WHAT TO PRODUCE =
Copy everything in the data below exactly except the pictures.

++++ INFORMATION SUPPLIED

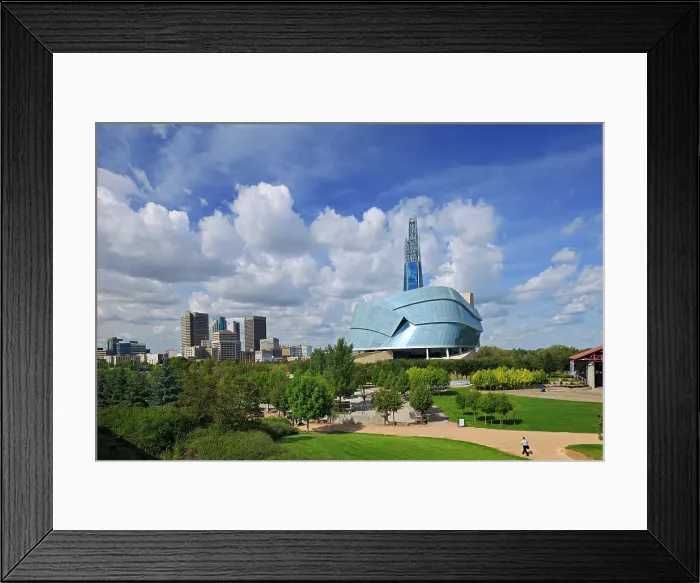 Framed Print : Winnipeg skyline with Canadian Museum for Human Rights, Winnipeg, Manitoba, Canada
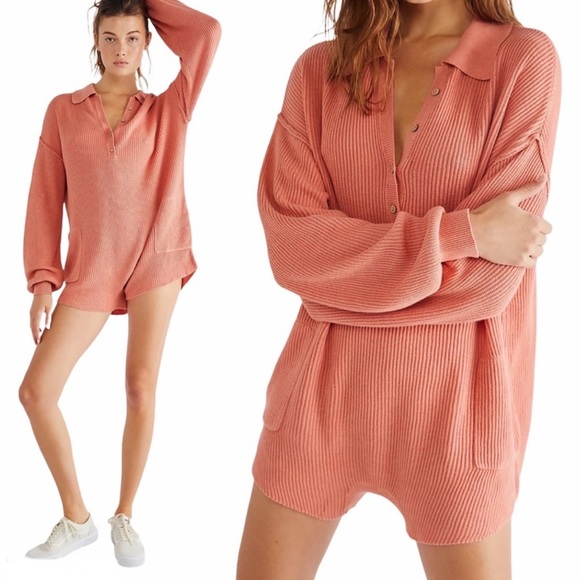 Free People FP Beach Picnic Ribbed Knit Romper salmon pink size Large - Picture 1 of 9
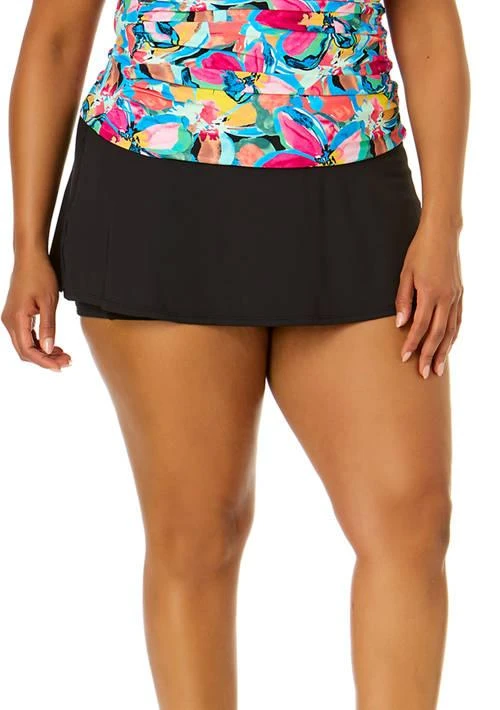 Anne Cole Cole Plus Size Solid High Waisted Swim Skort 1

++++++++

REPLY =
 Framed Print : Winnipeg skyline with Canadian Museum for Human Rights, Winnipeg, Manitoba, Canada
 Free People FP Beach Picnic Ribbed Knit Romper salmon pink size Large - Picture 1 of 9
 Anne Cole Cole Plus Size Solid High Waisted Swim Skort 1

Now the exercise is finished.